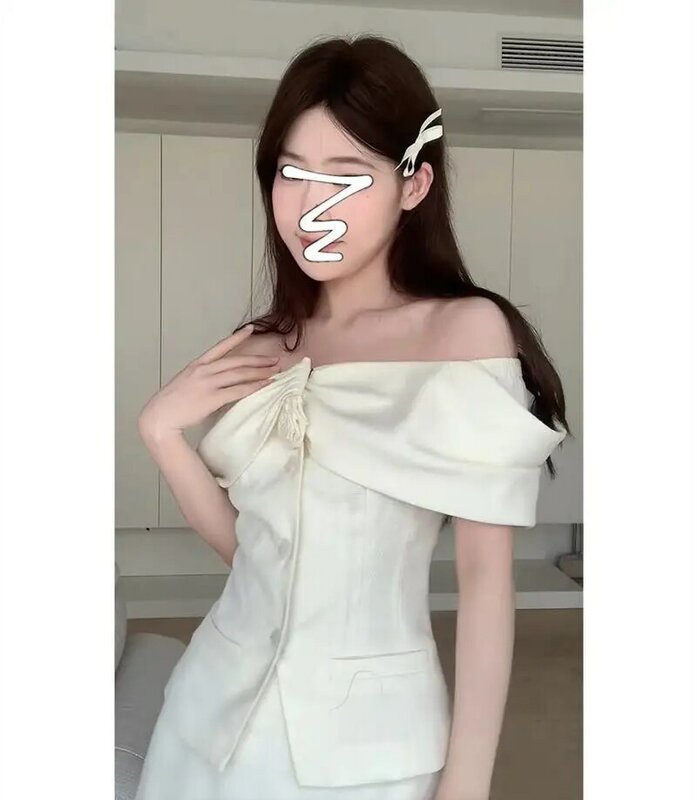 Koreański elegancki dwuczęściowy zestaw wysokiej jakości damskie spodenki z francuskim spódnica w stylu Retro z odkrytymi ramionami garnitur damski biurowy zestaw słodka, Slim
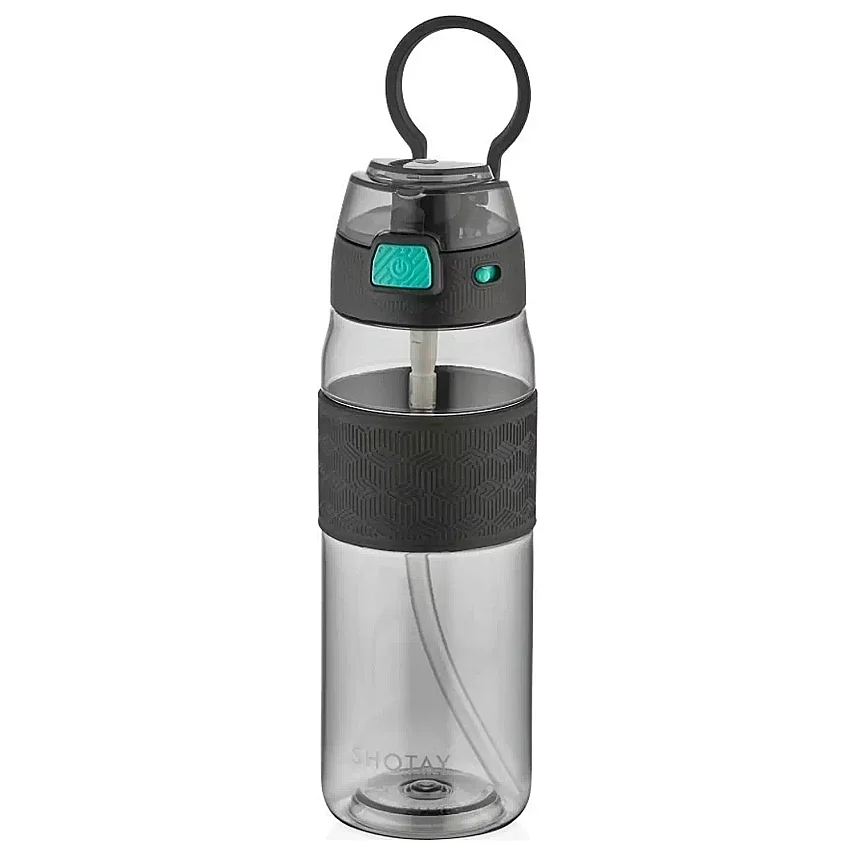 Shotay Şeffaf Kapaklı Şeritli Tritan Matara 600 ml Siyah - 1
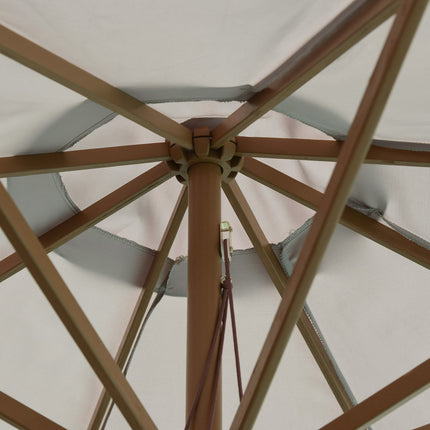 Dřevěný slunečník, 300 cm zahradní a balkonový slunečník, šedý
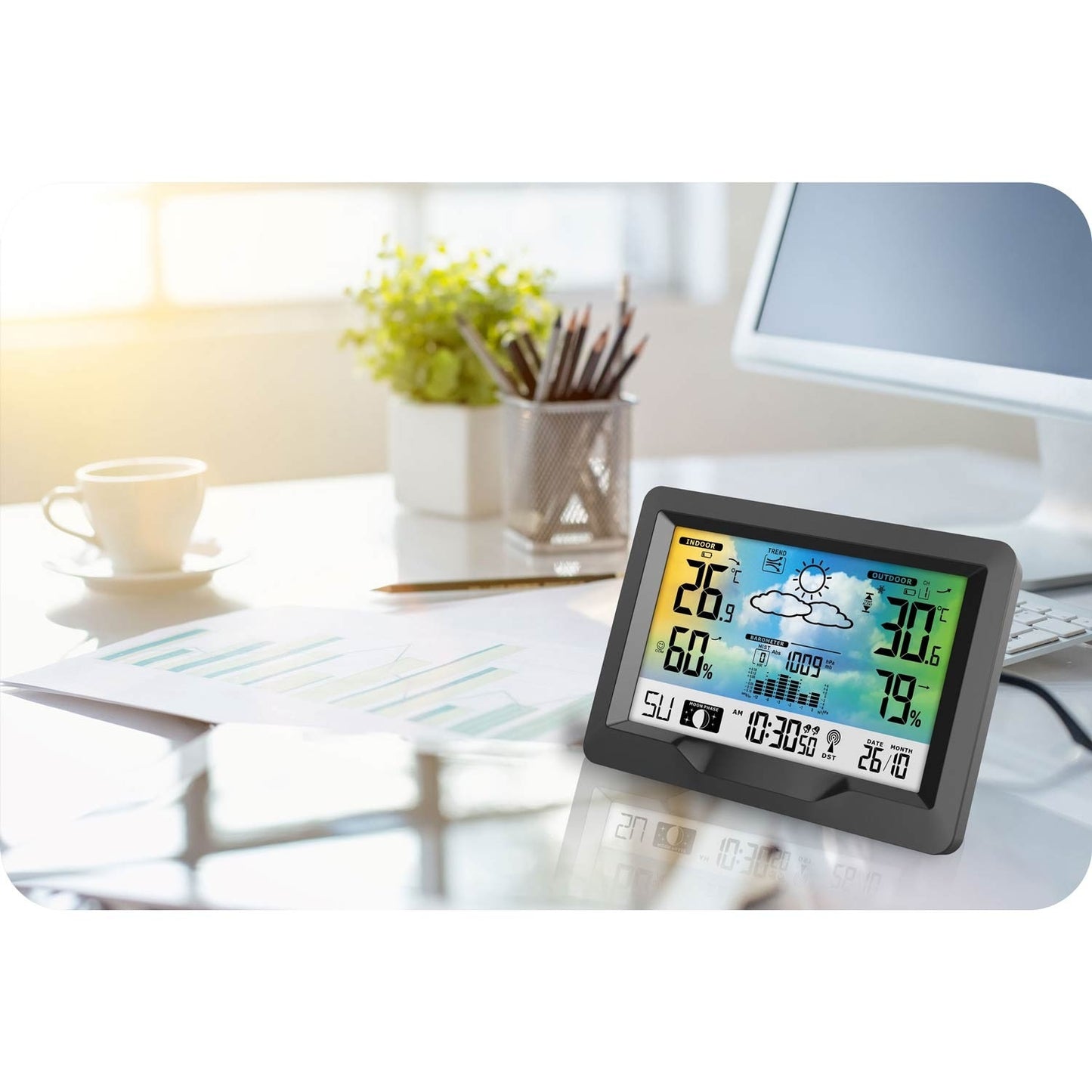 Black weather station with display BD-901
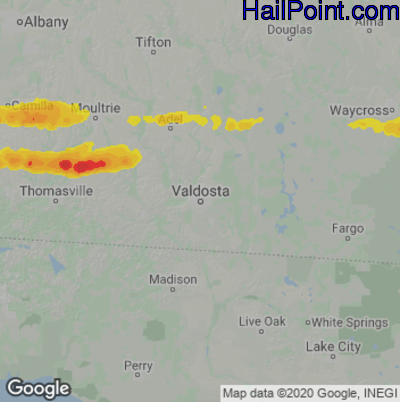 Hail Map for Valdosta, GA Region on March 25, 2023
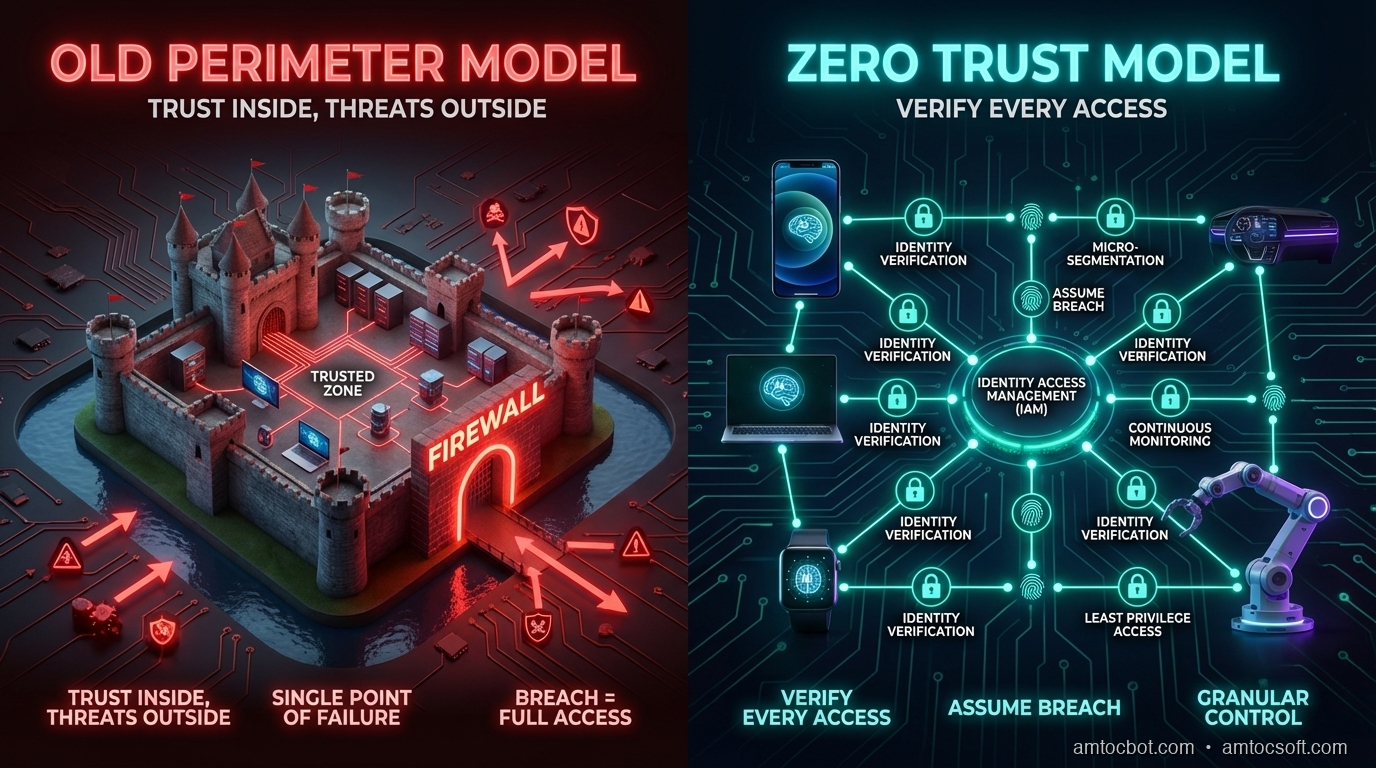 Architecture diagram: Zero Trust vs perimeter model — identity verification at each service boundary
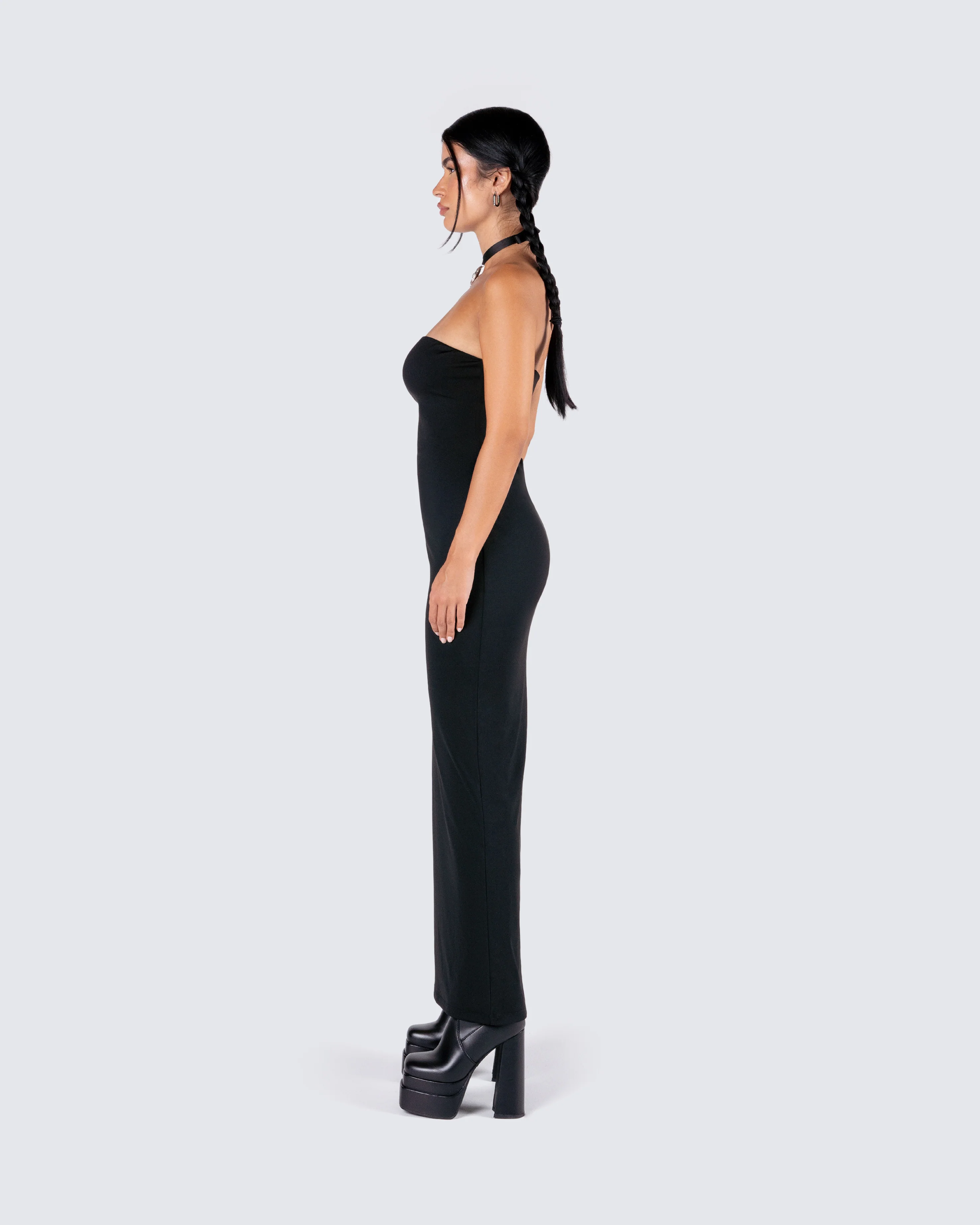 Akari Black Jersey Tube Maxi Dress - Image 6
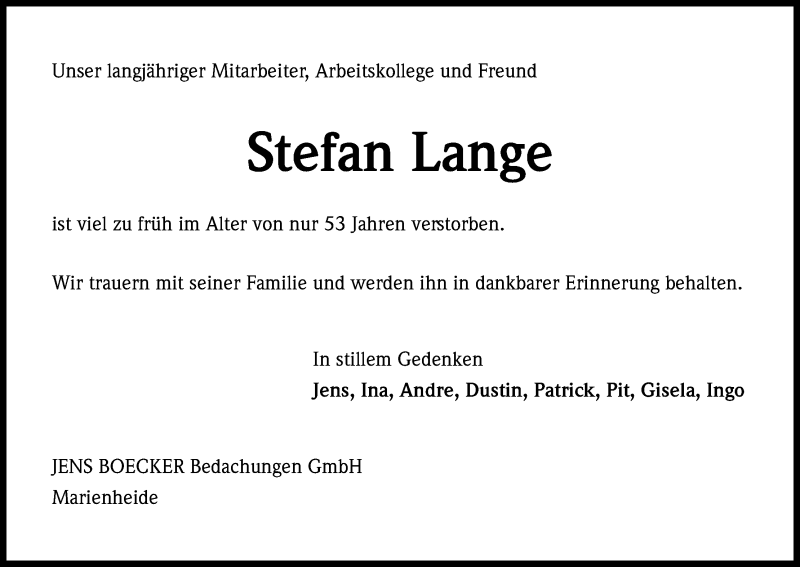  Traueranzeige für Stefan Lange vom 02.03.2018 aus Kölner Stadt-Anzeiger / Kölnische Rundschau / Express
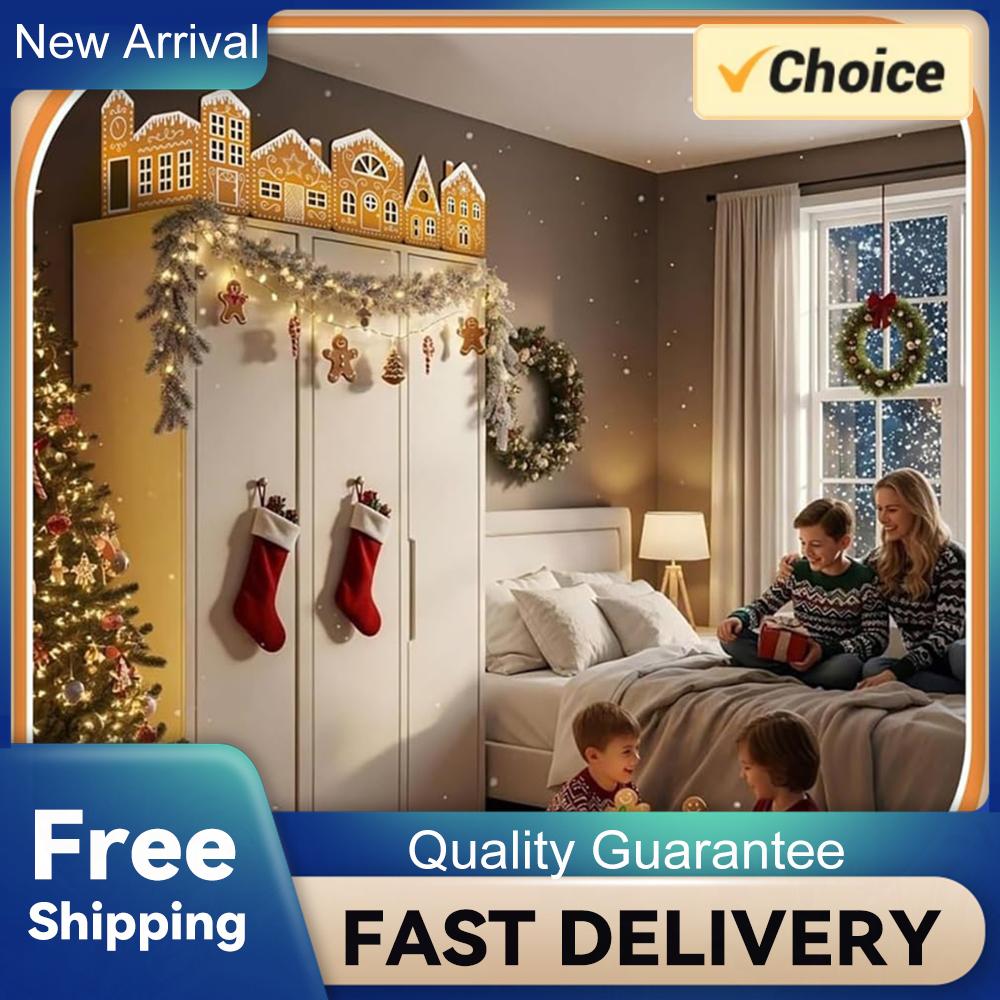 DIY Foldable Xmas Gingerbread House Cardboard Kit with LED Lights Xmas Gingerbread House Craft Decor Kit for New Year Decoration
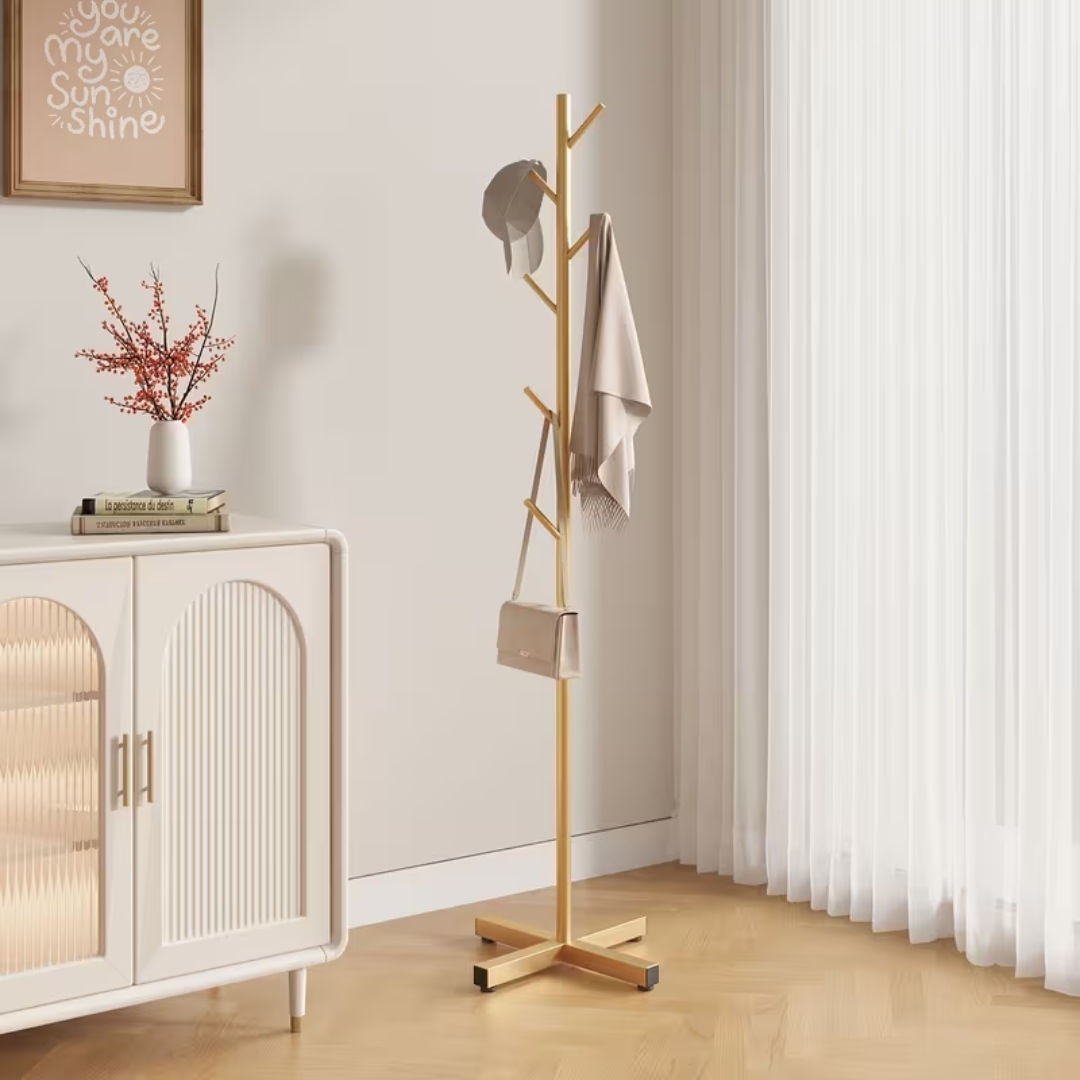 Heavy Duty Freestanding Coat Stand Metal Clothes Hanger - 8 Hooks 167 cm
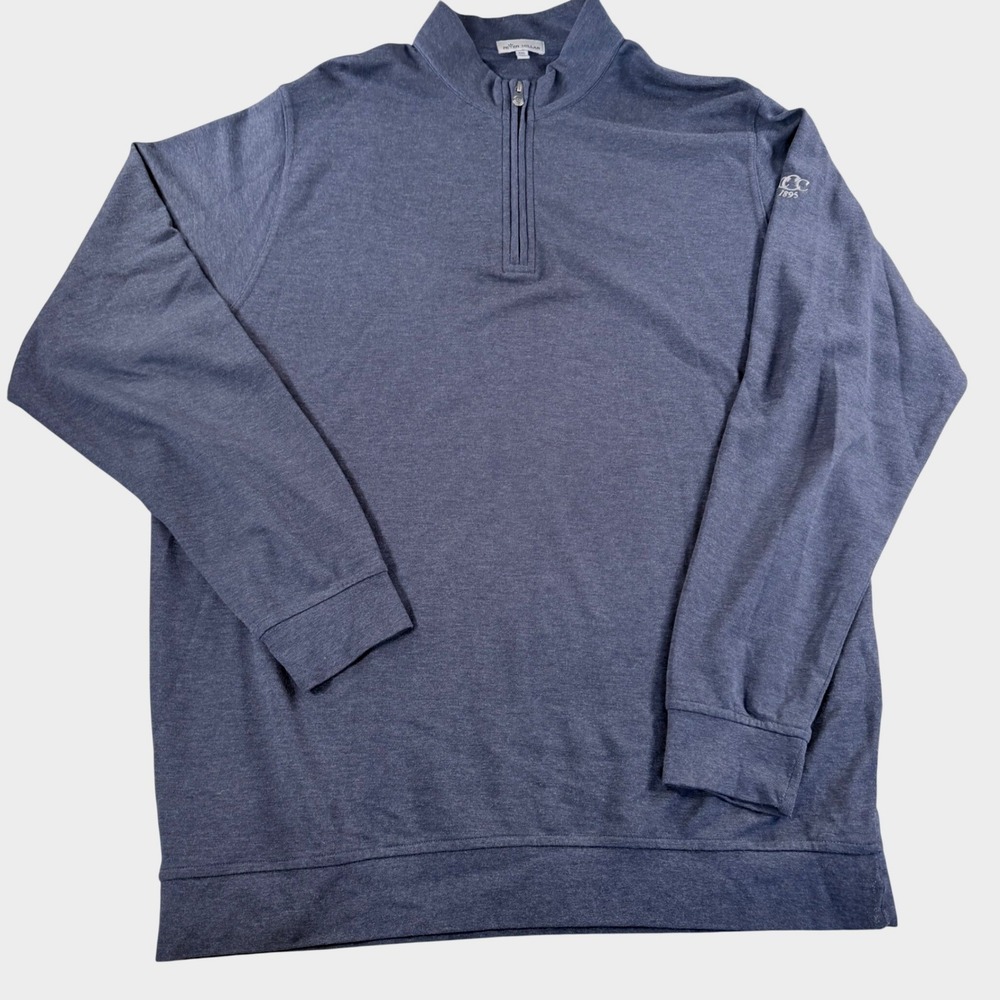 Peter Millar Quarter Zip Pullover Golf Sweater Mens XXL Blue CCC 1895 Logo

━━━━━━━━━━━━━━━━━━━━

● **Exercise description**: Repeat the lines exactly as they stand, from the opening line of the data through the line with "Traueranzeige für Stefan". Pictures stay out of the copy.

● **Exercise answer**:
 Koreański elegancki dwuczęściowy zestaw wysokiej jakości damskie spodenki z francuskim spódnica w stylu Retro z odkrytymi ramionami garnitur damski biurowy zestaw słodka, Slim
 Shotay Şeffaf Kapaklı Şeritli Tritan Matara 600 ml Siyah - 1
 Dřevěný slunečník, 300 cm zahradní a balkonový slunečník, šedý
 Black weather station with display BD-901
 Hail Map for Valdosta, GA Region on March 25, 2023
 Architecture diagram: Zero Trust vs perimeter model — identity verification at each service boundary
 Akari Black Jersey Tube Maxi Dress - Image 6
  Traueranzeige für Stefan Lange vom 02.03.2018 aus Kölner Stadt-Anzeiger / Kölnische Rundschau / Express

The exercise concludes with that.